C’est à Lyon, le 22 février, que Laurent Duc, président général de l’Union des métiers et des industries de l’hôtellerie (Umih) du Rhône, en compagnie de Béatrice Rondy, présidente Auvergne-Rhône-Alpes du Groupement national des chaînes hôtelières (GNC), a donné le coup d’envoi d’un tour de France destiné à  inciter les municipalités à mieux contrôler les plateformes proposant des locations touristiques entre particuliers.

 

Les représentants des professionnels de l’hôtellerie, qui se rendront ainsi dans 22 villes de France, demanderont aux municipalités de faire appliquer la réglementation concernant les locations meublées de courte durée.

 

« Aujourd’hui, la loi existe et il est important que les municipalités se l’approprient », argumente Laurent Duc. En clair, il importe pour les mairies de mettre en place la procédure du changement d’usage de biens loués, puis celle du numéro d’enregistrement. En cas de non respect, la loi prévoit des amendes de 5000 euros à 10 000 euros, pour les propriétaires, et de 12 500 euros à 50 000 euros pour les sociétés de mises en relation.

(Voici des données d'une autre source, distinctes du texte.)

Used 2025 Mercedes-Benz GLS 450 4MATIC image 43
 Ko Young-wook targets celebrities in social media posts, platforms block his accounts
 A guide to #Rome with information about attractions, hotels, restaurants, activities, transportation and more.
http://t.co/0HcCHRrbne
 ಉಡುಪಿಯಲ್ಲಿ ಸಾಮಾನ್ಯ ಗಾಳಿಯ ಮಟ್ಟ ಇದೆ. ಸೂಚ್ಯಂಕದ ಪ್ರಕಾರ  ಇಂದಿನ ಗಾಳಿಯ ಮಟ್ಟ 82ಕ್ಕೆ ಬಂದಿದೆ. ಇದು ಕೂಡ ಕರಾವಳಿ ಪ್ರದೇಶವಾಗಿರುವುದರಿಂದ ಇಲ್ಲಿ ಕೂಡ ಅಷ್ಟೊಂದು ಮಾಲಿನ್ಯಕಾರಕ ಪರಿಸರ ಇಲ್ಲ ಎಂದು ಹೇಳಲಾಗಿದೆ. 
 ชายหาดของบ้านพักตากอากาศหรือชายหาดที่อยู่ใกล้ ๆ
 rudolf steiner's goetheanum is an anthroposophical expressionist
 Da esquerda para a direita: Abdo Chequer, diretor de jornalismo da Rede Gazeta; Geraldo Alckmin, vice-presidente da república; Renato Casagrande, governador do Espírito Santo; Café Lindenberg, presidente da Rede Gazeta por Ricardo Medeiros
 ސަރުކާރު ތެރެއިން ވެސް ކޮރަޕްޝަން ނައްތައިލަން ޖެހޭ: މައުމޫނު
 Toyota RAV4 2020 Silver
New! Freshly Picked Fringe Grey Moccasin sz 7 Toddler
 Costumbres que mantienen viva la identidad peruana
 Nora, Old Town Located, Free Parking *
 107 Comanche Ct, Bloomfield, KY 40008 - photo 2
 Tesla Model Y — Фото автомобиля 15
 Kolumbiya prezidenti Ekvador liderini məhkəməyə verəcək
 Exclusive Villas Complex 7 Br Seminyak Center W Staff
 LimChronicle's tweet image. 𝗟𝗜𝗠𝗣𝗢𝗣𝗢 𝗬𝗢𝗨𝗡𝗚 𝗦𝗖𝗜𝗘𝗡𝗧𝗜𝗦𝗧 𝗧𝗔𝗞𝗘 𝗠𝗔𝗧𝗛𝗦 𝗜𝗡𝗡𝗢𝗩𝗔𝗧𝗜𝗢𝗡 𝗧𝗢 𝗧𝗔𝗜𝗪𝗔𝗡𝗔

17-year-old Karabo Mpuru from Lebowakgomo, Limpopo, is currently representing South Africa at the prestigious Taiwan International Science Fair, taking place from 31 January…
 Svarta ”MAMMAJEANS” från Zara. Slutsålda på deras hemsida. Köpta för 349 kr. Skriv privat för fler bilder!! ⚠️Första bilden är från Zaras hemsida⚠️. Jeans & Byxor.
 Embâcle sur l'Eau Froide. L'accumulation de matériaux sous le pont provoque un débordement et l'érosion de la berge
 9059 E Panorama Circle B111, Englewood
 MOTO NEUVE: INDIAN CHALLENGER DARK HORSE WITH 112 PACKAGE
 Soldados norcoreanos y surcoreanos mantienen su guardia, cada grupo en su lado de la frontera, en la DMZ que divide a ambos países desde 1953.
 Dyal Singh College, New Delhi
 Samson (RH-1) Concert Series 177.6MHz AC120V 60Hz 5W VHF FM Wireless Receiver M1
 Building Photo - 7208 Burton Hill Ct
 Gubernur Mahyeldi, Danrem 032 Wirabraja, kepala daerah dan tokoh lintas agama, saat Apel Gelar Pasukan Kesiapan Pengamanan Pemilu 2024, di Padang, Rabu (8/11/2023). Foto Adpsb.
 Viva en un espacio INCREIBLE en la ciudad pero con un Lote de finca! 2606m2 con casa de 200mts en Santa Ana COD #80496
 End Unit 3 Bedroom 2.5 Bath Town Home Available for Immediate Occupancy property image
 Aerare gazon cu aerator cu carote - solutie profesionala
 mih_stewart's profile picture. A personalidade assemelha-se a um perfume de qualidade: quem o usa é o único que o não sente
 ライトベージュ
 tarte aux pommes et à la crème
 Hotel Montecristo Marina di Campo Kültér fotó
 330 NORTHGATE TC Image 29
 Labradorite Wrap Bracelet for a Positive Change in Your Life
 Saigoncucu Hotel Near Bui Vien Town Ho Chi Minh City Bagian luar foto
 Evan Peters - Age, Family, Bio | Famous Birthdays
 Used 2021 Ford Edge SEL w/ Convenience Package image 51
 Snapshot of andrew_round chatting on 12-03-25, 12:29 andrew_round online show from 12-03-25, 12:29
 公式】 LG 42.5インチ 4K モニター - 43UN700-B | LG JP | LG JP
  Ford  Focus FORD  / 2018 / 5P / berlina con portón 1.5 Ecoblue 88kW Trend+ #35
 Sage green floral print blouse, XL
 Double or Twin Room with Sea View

Laurent Duc,  président général de l’Union des Métiers et des Industries de l’Hôtellerie (Umih) du Rhône,

et Béatrice Rondy, présidente Auvergne-Rhône-Alpes du Groupement National des Chaînes hôtelières (GNC).

 

 

 

 « En prenant exemple sur la ville de Lyon, compte tenu du fait que 89,6% des annonces sont illégales, c’est 105 millions d’euros d’amendes qui peuvent être potentiellement requises. Encore faut-il que les municipalités les mettent en  œuvre », illustre Laurent Duc. Et ce serait dans leur intérêt puisqu’elles en sont destinataires. Une façon aussi de rééquilibrer la perception des taxes de séjour.

 

Aujourd’hui, avec 360 millions d’euros reversés aux communes, la taxe de séjour est supportée à 85% par l’hôtellerie traditionnelle, contre 1% par l’un des acteurs majeurs du secteur, Airbnb, qui annonce un chiffre d’affaires de 200 millions d’euros en France.

 

« Nous ne sommes pas opposés à l’hôtellerie collaborative qui répond à certains besoins, mais nous demandons une concurrence équitable et respectueuse de notre fiscalité. Il en va de la survie de nos métiers », justifie Laurent Duc. « Il y a de la place pour tout le monde, mais le problème c’est que le concept de l’économie collaborative est détourné, et nous demandons de faire respecter la loi », a renchéri Béatrice Rondy.